| Data under study |

※ ※ ※

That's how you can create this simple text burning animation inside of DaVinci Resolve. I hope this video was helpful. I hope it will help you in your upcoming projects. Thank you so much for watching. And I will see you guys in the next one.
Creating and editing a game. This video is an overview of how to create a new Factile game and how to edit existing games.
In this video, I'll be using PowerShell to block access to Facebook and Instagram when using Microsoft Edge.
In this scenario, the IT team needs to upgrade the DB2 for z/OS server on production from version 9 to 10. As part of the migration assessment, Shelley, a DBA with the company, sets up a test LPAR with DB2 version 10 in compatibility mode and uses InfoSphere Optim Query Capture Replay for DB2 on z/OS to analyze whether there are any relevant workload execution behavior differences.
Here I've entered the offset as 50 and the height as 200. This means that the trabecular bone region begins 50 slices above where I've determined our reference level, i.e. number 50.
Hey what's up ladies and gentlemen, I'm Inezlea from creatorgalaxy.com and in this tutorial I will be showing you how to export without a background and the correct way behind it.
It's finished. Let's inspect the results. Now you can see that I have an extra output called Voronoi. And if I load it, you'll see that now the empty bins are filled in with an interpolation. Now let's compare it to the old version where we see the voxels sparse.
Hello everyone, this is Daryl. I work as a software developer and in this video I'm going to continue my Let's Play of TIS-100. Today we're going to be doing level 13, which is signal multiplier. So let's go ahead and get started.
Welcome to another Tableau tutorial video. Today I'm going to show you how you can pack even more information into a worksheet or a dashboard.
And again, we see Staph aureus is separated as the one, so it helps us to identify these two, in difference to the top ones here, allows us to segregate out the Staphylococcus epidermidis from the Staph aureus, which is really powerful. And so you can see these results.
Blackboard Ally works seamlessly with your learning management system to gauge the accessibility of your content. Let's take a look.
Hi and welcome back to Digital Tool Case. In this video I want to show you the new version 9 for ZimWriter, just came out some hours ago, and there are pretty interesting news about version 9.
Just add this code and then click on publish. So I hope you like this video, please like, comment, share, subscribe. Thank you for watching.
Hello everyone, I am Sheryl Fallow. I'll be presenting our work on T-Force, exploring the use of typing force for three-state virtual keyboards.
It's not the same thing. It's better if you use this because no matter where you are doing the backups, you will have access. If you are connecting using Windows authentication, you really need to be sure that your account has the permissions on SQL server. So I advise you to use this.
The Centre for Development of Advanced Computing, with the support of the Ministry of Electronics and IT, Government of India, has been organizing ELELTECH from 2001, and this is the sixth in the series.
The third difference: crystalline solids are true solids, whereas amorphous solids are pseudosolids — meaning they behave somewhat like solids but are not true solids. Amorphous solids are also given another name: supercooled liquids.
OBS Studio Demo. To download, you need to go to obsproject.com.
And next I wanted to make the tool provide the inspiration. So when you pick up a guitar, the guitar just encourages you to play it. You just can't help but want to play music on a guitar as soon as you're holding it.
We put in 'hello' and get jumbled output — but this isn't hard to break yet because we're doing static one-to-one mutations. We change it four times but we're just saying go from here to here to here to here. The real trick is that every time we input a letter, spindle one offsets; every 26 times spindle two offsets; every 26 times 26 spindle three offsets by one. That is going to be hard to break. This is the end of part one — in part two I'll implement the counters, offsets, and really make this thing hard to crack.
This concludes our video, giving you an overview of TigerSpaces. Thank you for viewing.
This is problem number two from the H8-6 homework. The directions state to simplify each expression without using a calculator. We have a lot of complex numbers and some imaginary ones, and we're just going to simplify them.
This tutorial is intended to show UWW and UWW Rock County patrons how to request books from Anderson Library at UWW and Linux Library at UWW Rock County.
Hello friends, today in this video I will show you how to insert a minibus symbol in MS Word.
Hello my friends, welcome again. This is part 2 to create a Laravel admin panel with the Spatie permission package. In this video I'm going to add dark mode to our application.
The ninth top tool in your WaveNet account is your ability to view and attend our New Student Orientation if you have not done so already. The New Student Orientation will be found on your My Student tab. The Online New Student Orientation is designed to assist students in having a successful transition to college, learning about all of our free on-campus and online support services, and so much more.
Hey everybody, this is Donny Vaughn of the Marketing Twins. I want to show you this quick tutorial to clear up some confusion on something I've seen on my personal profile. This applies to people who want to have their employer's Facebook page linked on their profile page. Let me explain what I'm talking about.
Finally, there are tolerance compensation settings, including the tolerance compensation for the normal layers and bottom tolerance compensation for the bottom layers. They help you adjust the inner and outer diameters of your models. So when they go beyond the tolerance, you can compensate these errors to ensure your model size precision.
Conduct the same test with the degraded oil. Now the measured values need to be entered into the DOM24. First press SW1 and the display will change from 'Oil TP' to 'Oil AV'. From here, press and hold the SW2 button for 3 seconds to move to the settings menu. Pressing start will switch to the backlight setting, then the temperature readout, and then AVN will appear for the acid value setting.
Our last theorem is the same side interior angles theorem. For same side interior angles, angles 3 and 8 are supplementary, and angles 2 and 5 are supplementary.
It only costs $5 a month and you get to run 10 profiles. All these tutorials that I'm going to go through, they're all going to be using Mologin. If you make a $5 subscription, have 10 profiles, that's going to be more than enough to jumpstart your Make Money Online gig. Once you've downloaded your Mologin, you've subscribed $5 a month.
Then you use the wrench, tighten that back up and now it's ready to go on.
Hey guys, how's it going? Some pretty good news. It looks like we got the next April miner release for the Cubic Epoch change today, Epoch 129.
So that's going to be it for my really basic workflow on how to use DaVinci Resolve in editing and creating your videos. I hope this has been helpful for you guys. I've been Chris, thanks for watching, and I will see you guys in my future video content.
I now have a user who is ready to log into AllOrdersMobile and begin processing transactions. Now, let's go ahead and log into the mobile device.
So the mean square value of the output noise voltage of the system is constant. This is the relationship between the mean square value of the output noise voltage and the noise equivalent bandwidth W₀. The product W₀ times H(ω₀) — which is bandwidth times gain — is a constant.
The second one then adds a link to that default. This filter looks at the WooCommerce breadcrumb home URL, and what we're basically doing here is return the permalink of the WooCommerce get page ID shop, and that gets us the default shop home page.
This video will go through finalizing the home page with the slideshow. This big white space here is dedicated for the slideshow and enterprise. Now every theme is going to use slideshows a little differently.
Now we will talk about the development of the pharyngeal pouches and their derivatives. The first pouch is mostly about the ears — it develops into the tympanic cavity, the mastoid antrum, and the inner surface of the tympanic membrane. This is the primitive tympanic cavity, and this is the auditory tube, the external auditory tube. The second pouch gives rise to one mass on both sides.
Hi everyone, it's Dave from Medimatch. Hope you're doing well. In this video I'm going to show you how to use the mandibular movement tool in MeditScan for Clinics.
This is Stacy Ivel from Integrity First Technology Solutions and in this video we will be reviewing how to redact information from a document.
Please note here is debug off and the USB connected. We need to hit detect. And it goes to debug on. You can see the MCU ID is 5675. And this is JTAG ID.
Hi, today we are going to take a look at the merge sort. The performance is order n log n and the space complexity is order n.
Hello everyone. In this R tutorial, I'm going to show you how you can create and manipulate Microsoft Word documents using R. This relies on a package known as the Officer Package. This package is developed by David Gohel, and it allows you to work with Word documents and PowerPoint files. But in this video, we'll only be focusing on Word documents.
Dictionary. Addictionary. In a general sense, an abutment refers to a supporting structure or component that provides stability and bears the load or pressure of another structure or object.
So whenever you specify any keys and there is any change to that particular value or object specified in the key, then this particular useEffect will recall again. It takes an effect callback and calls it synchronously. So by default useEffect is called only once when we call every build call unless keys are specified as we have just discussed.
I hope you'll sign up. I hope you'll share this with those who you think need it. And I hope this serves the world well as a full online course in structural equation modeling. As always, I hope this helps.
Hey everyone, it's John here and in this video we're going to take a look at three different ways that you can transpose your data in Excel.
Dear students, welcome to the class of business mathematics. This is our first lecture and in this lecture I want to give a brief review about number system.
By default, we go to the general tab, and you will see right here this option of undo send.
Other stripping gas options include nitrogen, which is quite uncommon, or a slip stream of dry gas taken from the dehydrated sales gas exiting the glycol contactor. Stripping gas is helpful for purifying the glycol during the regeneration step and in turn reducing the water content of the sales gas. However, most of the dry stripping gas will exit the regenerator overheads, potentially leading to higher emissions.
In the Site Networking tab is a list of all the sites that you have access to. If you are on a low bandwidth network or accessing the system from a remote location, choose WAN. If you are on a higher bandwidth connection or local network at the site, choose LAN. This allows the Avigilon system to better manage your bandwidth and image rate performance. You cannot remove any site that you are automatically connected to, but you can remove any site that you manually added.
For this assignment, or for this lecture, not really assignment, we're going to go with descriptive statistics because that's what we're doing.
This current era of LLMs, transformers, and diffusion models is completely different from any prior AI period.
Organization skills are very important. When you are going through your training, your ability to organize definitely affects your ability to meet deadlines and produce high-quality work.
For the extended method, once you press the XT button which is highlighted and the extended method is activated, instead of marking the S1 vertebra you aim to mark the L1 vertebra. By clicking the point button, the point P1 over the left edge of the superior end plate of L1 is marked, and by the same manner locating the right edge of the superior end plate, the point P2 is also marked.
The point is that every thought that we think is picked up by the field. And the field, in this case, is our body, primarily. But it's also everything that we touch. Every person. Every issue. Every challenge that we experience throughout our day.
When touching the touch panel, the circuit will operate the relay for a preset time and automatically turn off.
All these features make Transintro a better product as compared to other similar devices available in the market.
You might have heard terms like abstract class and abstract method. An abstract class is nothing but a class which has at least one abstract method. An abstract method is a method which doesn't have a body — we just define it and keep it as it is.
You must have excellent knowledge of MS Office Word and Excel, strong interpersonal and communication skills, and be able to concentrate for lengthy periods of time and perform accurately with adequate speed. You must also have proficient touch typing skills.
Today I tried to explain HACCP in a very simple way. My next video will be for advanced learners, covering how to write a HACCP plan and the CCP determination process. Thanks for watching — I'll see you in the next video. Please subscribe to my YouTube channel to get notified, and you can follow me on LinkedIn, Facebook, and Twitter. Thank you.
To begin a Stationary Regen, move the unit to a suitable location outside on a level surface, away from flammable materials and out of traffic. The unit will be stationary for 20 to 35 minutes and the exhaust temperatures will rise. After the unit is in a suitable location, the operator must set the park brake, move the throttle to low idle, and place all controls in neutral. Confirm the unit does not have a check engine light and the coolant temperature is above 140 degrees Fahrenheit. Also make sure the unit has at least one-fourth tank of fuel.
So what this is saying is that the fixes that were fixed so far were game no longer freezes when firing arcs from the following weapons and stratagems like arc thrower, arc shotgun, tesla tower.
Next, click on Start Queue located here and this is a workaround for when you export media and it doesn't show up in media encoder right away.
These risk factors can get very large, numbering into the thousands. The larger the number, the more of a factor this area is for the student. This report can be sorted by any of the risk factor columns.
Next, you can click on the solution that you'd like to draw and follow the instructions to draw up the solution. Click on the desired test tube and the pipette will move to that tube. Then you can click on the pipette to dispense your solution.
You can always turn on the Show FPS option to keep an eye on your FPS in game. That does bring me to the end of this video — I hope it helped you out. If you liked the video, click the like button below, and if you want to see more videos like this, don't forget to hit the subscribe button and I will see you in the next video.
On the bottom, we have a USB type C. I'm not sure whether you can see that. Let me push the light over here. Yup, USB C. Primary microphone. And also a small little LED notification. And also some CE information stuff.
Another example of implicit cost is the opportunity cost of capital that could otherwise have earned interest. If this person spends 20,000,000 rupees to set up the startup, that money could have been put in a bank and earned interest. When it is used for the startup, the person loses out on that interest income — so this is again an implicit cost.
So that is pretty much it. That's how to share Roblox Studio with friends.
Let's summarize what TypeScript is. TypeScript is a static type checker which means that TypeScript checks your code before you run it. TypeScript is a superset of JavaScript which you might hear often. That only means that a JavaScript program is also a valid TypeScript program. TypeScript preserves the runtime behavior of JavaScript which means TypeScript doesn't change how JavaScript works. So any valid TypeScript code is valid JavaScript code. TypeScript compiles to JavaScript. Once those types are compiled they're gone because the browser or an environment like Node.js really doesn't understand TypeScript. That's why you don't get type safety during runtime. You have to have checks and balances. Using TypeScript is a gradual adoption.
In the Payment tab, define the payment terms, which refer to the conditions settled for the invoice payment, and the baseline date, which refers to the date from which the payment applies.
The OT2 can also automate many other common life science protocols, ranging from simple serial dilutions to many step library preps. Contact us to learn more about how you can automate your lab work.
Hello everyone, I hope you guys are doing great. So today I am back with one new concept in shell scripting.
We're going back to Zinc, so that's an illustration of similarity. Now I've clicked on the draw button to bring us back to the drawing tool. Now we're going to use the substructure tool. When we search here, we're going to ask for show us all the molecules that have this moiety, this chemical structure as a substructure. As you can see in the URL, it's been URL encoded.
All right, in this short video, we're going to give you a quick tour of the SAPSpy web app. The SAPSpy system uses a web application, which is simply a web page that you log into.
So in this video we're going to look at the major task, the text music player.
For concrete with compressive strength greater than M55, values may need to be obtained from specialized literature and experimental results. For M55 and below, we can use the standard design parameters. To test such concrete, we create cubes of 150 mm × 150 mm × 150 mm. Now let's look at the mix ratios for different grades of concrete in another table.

※ ※ ※

| Problem requirements |
Quote the data above from the line containing "For the extended" to the line containing "Today I tried", inclusive, and stop.

| Solved exercise |
For the extended method, once you press the XT button which is highlighted and the extended method is activated, instead of marking the S1 vertebra you aim to mark the L1 vertebra. By clicking the point button, the point P1 over the left edge of the superior end plate of L1 is marked, and by the same manner locating the right edge of the superior end plate, the point P2 is also marked.
The point is that every thought that we think is picked up by the field. And the field, in this case, is our body, primarily. But it's also everything that we touch. Every person. Every issue. Every challenge that we experience throughout our day.
When touching the touch panel, the circuit will operate the relay for a preset time and automatically turn off.
All these features make Transintro a better product as compared to other similar devices available in the market.
You might have heard terms like abstract class and abstract method. An abstract class is nothing but a class which has at least one abstract method. An abstract method is a method which doesn't have a body — we just define it and keep it as it is.
You must have excellent knowledge of MS Office Word and Excel, strong interpersonal and communication skills, and be able to concentrate for lengthy periods of time and perform accurately with adequate speed. You must also have proficient touch typing skills.
Today I tried to explain HACCP in a very simple way. My next video will be for advanced learners, covering how to write a HACCP plan and the CCP determination process. Thanks for watching — I'll see you in the next video. Please subscribe to my YouTube channel to get notified, and you can follow me on LinkedIn, Facebook, and Twitter. Thank you.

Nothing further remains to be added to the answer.